It’s one of the harsh moments of childhood – that time when for the first time you experience the loss of someone close to you. For me, it was my grandfather, but I didn’t really understand that. It wasn’t until many years later, when I was in my early teens, that the loss of a good friend truly brought it home to me, at least in emotional terms. But by then, rest assured, I was already aware that my body had a use-by date, and that sooner or later I’d go too[1].

One thing that I have observed as a father is that the irreversibility of death is something that kids understand quite early. My seven-year-old and my five-year-old have both commented on things with lines like “When you die, you don’t come back.”

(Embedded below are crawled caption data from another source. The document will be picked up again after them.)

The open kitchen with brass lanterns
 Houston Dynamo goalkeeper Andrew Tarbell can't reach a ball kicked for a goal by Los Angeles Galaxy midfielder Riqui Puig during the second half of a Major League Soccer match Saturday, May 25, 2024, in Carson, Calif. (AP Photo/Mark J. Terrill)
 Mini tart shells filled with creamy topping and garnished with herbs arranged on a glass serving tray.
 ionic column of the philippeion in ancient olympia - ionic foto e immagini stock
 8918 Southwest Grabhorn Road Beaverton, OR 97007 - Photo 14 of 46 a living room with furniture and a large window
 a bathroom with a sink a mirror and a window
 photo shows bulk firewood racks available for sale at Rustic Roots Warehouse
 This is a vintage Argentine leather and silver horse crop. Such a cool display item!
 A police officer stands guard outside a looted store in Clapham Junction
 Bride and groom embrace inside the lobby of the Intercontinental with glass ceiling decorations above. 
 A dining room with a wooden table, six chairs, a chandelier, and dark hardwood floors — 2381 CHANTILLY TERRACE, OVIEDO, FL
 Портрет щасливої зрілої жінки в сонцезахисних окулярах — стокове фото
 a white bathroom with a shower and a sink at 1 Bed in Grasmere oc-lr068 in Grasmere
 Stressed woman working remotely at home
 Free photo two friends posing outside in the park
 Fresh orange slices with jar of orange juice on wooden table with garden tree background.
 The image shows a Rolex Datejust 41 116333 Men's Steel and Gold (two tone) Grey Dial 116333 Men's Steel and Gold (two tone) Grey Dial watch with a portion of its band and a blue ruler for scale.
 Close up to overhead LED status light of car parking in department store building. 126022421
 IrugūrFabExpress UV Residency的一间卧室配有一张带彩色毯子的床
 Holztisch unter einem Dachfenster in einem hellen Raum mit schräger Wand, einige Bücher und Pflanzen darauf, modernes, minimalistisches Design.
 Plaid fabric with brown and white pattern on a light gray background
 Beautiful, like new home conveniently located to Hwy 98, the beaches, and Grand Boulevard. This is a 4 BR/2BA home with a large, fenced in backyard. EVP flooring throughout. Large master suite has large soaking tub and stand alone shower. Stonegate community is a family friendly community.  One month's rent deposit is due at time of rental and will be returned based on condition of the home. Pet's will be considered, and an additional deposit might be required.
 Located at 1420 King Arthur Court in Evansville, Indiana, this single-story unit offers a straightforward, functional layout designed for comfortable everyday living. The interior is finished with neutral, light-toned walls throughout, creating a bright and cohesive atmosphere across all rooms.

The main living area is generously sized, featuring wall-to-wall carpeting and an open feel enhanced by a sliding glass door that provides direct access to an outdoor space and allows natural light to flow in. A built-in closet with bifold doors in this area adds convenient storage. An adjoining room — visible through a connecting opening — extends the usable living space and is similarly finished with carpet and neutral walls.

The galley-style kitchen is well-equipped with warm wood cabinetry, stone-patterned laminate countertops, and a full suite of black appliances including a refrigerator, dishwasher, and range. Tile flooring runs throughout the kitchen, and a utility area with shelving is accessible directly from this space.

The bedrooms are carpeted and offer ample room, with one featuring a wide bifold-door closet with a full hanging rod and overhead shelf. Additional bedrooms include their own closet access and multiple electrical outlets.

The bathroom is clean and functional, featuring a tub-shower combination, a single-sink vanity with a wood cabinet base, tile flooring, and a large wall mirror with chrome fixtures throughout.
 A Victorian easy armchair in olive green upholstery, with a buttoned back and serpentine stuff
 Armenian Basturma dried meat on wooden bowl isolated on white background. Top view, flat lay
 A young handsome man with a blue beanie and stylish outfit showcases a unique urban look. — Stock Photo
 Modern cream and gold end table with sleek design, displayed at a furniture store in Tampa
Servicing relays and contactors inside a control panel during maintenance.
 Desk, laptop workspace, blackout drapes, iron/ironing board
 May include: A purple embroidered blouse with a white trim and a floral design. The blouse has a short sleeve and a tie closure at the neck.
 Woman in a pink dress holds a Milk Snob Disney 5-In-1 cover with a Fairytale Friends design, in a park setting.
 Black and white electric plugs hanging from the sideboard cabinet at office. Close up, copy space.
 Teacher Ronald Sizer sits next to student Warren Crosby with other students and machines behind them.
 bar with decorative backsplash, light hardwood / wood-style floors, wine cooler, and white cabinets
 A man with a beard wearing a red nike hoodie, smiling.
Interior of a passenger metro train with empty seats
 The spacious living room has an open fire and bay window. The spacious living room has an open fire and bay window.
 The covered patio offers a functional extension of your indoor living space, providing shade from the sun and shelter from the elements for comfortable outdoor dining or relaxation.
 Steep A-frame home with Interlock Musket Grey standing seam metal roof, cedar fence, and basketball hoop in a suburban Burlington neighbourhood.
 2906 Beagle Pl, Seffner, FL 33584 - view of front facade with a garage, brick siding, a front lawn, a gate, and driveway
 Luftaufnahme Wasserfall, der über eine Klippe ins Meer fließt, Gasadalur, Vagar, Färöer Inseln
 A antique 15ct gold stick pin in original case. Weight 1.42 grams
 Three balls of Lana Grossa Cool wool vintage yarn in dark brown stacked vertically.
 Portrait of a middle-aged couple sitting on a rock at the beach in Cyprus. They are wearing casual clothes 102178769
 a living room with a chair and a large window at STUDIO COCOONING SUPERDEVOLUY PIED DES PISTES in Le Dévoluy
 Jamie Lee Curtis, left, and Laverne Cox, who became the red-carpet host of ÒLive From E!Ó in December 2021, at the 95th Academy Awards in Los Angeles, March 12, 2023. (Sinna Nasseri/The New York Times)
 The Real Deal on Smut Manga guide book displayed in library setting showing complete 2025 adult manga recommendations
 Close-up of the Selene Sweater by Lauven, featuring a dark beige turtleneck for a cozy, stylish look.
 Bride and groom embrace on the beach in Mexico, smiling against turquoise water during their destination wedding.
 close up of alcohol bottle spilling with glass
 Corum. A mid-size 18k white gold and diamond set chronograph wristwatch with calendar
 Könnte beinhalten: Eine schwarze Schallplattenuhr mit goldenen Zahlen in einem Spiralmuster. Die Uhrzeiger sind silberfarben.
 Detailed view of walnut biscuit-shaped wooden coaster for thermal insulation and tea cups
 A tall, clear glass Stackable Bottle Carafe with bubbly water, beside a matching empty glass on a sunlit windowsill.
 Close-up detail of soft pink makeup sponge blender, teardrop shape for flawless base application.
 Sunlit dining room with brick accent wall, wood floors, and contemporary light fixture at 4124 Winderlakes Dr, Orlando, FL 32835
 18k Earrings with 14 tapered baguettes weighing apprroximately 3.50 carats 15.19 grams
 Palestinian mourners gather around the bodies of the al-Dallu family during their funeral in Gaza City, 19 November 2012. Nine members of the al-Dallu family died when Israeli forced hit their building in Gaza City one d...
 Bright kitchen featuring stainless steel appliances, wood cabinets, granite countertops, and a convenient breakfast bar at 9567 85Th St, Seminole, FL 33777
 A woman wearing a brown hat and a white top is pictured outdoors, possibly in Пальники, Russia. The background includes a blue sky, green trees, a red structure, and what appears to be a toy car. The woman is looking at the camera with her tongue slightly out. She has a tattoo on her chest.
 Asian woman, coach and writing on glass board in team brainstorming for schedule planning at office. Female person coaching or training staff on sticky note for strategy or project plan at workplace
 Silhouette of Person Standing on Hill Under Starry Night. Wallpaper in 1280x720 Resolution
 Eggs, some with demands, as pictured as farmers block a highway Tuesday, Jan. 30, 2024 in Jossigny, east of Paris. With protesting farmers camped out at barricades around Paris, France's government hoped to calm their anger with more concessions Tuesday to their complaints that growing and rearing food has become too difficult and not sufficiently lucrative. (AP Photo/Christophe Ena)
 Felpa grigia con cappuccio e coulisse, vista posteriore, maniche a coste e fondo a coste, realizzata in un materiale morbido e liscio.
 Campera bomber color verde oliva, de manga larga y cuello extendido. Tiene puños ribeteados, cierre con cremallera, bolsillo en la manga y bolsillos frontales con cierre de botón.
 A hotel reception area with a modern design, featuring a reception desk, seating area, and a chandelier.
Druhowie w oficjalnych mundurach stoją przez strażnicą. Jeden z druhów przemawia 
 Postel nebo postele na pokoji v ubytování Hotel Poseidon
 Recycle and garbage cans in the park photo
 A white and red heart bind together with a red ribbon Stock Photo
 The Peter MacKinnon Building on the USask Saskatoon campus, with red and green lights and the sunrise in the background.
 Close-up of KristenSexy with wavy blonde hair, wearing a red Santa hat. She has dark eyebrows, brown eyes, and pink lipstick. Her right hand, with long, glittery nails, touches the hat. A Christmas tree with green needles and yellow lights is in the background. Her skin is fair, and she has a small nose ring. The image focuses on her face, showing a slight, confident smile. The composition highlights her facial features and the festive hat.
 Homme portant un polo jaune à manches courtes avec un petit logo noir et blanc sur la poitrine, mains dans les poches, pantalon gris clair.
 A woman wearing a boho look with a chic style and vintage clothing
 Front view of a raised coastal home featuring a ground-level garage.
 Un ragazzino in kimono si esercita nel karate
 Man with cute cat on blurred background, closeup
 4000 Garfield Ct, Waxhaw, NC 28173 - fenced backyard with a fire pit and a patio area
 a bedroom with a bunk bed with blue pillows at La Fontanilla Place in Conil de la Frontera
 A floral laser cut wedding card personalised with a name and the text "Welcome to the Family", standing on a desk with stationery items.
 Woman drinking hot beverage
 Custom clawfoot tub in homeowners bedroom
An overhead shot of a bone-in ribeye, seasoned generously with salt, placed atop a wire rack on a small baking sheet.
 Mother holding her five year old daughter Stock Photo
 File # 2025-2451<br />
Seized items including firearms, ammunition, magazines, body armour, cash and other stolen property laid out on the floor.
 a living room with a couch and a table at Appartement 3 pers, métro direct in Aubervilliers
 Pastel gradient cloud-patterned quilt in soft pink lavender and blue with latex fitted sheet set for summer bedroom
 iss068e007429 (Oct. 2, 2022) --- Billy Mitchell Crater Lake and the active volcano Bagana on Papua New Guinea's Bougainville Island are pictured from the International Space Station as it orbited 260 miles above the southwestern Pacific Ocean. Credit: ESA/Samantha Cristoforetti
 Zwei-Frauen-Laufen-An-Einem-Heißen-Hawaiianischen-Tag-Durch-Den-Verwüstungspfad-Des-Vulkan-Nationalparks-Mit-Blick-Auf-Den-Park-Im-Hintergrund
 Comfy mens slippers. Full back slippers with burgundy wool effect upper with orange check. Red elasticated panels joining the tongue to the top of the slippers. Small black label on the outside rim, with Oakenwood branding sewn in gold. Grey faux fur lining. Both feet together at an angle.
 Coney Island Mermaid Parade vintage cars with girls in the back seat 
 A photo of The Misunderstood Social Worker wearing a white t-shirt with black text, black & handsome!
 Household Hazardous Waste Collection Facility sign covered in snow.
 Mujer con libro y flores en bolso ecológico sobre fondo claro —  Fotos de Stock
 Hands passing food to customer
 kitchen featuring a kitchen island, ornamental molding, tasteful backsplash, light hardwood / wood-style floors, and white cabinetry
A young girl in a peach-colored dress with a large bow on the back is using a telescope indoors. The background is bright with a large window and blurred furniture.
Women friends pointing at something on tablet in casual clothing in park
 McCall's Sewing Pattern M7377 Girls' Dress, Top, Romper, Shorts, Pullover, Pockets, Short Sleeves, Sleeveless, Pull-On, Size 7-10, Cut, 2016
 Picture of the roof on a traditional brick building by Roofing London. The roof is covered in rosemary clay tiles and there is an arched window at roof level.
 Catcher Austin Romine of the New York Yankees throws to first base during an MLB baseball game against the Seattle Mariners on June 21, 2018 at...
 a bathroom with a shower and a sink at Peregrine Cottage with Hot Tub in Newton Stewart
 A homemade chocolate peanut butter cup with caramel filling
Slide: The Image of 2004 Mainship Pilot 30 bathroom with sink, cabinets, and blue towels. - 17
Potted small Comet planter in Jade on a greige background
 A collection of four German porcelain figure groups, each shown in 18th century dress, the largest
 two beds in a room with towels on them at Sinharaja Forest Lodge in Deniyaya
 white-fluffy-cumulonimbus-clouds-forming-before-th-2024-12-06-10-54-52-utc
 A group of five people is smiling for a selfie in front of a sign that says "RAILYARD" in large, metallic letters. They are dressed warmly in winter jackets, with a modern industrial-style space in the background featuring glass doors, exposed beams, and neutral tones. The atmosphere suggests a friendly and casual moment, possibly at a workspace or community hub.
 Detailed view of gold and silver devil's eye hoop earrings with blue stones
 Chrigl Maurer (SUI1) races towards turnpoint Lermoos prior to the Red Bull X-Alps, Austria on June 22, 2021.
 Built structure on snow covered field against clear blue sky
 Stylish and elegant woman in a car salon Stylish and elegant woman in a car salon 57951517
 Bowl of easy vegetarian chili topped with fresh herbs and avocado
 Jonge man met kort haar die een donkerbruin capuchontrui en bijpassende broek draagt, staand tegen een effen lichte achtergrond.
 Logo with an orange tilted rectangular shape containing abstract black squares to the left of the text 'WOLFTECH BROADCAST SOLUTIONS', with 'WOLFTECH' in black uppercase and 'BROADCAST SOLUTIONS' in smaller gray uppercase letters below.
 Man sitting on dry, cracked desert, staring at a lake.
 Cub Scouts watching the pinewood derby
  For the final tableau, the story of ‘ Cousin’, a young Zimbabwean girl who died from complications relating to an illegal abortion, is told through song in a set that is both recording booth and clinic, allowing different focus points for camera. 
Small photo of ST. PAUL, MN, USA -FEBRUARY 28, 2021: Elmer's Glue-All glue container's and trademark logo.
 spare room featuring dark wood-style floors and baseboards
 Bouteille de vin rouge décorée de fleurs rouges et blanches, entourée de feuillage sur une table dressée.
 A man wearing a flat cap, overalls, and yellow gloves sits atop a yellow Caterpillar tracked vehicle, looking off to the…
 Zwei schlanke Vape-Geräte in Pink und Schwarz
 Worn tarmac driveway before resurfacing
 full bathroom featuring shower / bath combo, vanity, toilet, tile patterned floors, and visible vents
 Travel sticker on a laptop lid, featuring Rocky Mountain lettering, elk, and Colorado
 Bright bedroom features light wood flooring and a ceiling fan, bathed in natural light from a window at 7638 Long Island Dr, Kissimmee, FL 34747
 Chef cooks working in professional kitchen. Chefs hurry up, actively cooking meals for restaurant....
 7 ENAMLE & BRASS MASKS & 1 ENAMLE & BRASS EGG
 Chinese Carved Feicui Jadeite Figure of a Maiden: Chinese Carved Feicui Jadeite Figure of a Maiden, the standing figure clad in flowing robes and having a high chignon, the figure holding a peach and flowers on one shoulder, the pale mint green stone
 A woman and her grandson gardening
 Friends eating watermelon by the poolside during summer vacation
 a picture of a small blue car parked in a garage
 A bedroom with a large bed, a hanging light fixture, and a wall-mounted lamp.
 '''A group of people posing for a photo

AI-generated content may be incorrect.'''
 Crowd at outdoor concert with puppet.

It may make you a little curious when you read this passage. What has it got to do with the final reality of death? There’s a couple of references to dead bodies in the street, but most of it is about the city of Jerusalem.

I might be drawing a long bow here, but it is my contention that as well as being a prediction of events which definitely were going to happen in Jerusalem (after all, for us they are ancient history – we know they did!), the destruction and re-birth of Jerusalem as described in Jeremiah are in fact a word picture of death and resurrection.

You see, the city of Jerusalem was destroyed. Oh, a few people were left in the rubble, but make no mistake – the city was dead. It was killed when the people were exiled. The fact that some were left behind didn’t change that; in fact, it made it all the more obvious, because those left behind were really the dregs, the people that the Babylonians couldn’t use. The real social leaders of Judah had been taken as part of the exile. So the city of Jerusalem was destroyed to such a deep level that I’d imagine that the surviving citizens would have struggled to even visualize the city ever returning.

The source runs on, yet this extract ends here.